Just as cruel, and approaching a new level of stupid, is the position taken on the tax bill by Louisiana’s two senators, John Kennedy and Bill Cassidy. Cassidy’s support is baffling because he worked as a physician at Earl K. Long Hospital in Baton Rouge where he had to know the desperation of Louisiana’s poor, uninsured citizens.

Kennedy is more understandable. In addition to drinking week killer, he once ran a TV ad during his first campaign for state treasurer in which he said, “During my time as secretary of Revenue, I reduced paperwork for small businesses by 150 percent.”

How anything can be reduced more than 100 percent is one of the great unsolved mysteries of our time. The real irony, however, is that the claim came from a man who was asking us to put him in charge of the state’s financial investments. Talk about voodoo economics….

Kennedy has said he would vote against the tax bill if it contained the so-called “TRIGGER” provision, which would automatically abort the bill and revert to the present tax rates if the new bill did not perform as projected by the Republicans in Congress who keep promising they are from the government and that they are here to help us.
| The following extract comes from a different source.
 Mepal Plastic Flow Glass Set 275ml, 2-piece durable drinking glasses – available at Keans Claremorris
And they’ll still respect us in the morning.

ILLUSTRATION OF PROJECTED EFFECTS OF TAX BILL

Those of you who have stayed with me to this point need to consider one other feature of the so-called “tax reform” package.
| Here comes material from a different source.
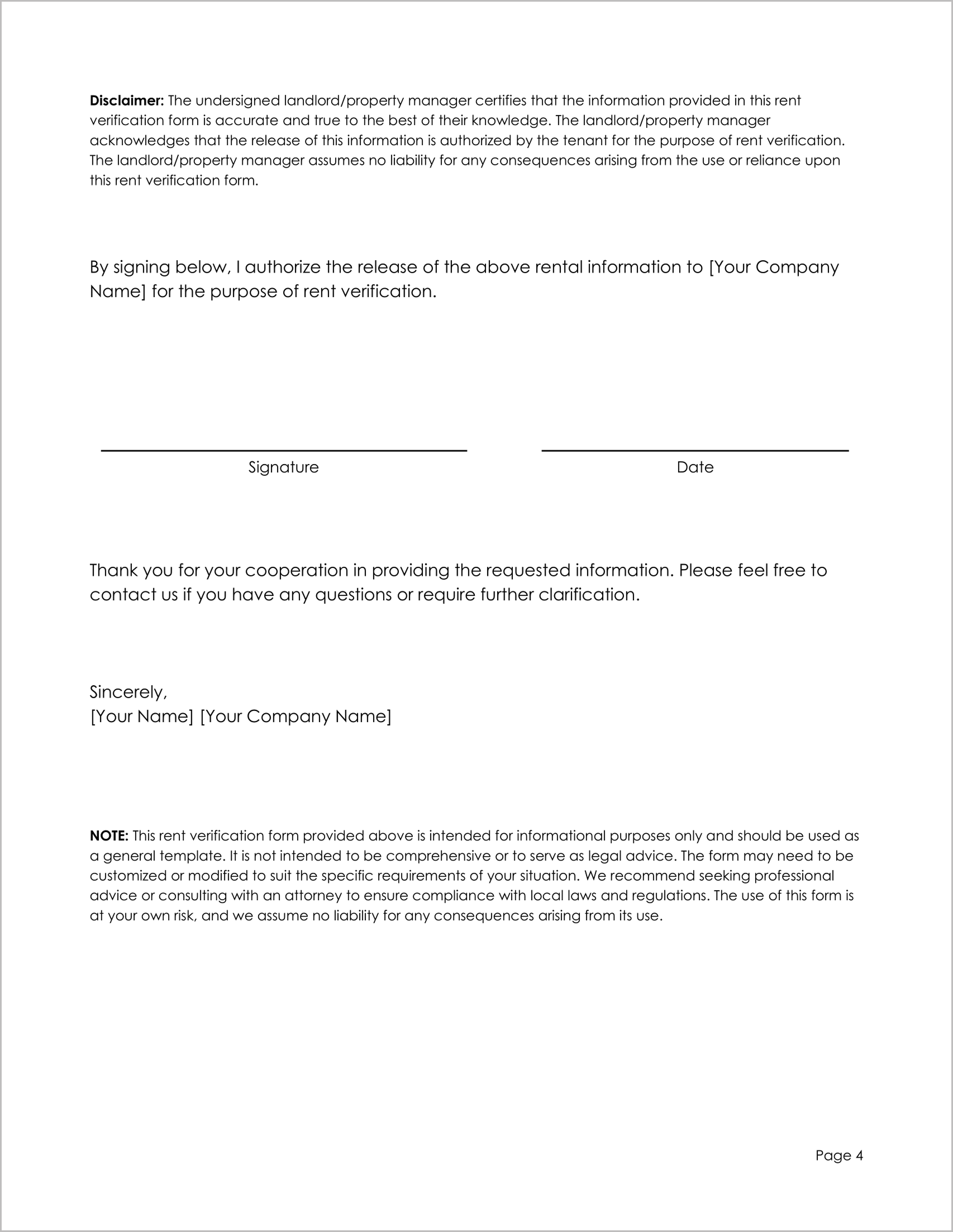 10 Free Must-Have Rental Verification Form Templates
If you have children in college, who are headed for college in a couple of years, or if you have children who recently graduated from college, it might interest you to know that the interest rates on student LOANS will no longer be deductible under the new tax bill. Moreover, students on TOPS or who receive other tuition EXEMPTIONS will find that those exemptions will now count as income on which taxes will be due.

Of course, Trump and his congressional lap dogs—Cassidy, Kennedy, Garrett Graves and the rest of Louisiana’s Repugnantcan delegation included—will continue to lie, distort, twist and skew the facts to make you believe their tax REFORM is the best thing for you since Barry Goldwater and you will continue to drink the Kool Aid—because you want to believe them.

Never mind that you continue to vote against your own economic interests because the Repugnantcans continue to feed you the red meat of islamophobia, illegal immigrants, welfare cheats (who in fact take only a tiny fraction of what corporate America and Wall Street steal from taxpayers every day), Obamacare and gun rights. They do this in the knowledge that you will continue to elect a 70-year-old child predator as long as he waves a pistol in the air and displays the Ten Commandments.

You are being taken for fools, to be perfectly honest. The Republicans are holding a Bible in one hand, wrapping themselves in the flag and picking your pocket, all in one swift motion.

And you love them for it.

I don’t suppose any of you have ever wondered what became of the so-called Fiscal Hawks now that the Republicans have full control over everything in Washington. It’s kinda funny how you don’t hear anything about deficit reduction these days.